● **PROBLEM TO SOLVE**: Copy every entry as is. Leave images out.

[Source data]

========

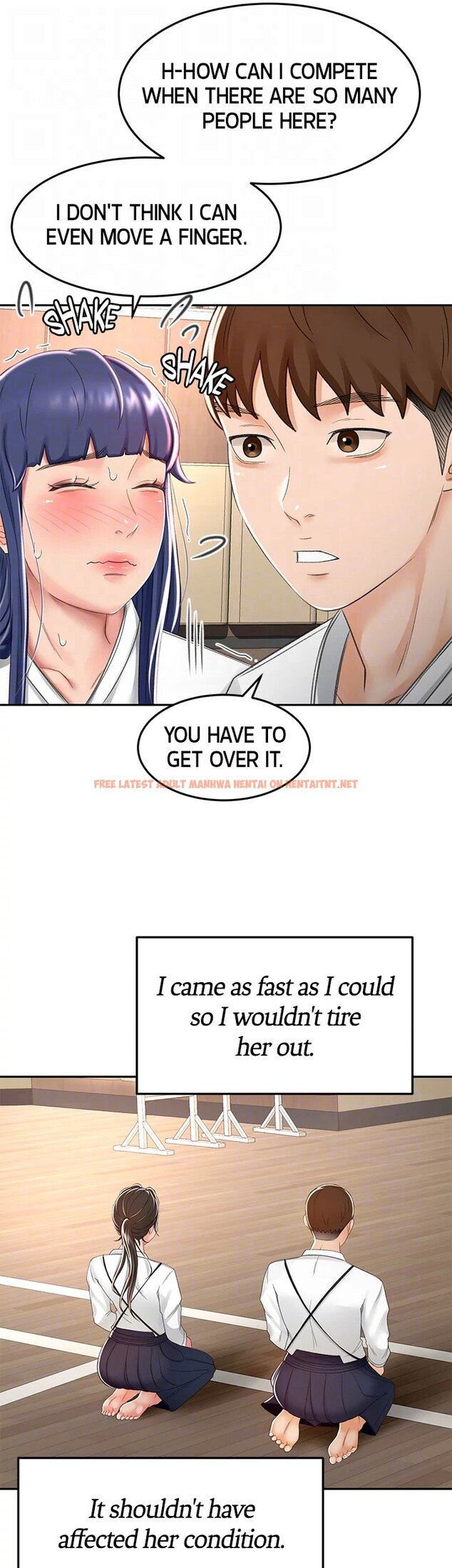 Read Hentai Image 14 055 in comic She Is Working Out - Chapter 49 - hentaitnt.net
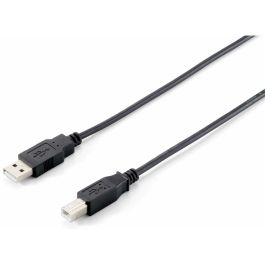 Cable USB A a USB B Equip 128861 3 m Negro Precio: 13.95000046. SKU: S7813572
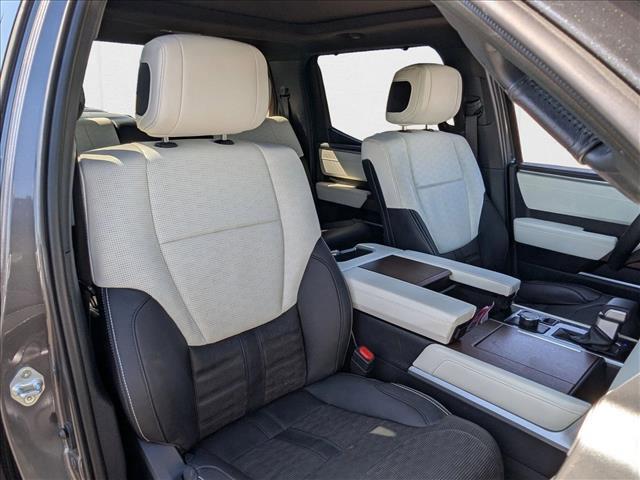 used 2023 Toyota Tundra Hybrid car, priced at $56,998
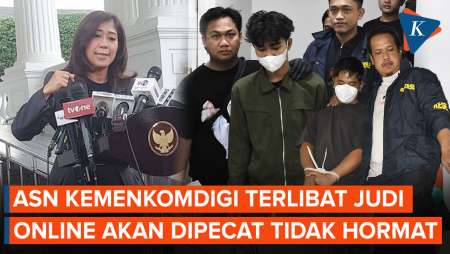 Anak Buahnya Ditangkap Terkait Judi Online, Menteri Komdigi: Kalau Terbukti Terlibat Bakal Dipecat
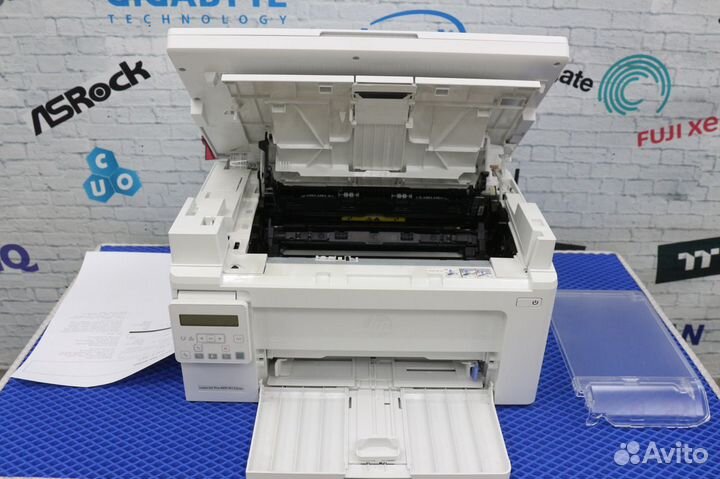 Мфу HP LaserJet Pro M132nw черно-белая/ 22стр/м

========

● **EXERCISE RESULT**:
 Read Hentai Image 14 055 in comic She Is Working Out - Chapter 49 - hentaitnt.net
 Cable USB A a USB B Equip 128861 3 m Negro Precio: 13.95000046. SKU: S7813572
 used 2023 Toyota Tundra Hybrid car, priced at $56,998
 Anak Buahnya Ditangkap Terkait Judi Online, Menteri Komdigi: Kalau Terbukti Terlibat Bakal Dipecat
 Мфу HP LaserJet Pro M132nw черно-белая/ 22стр/м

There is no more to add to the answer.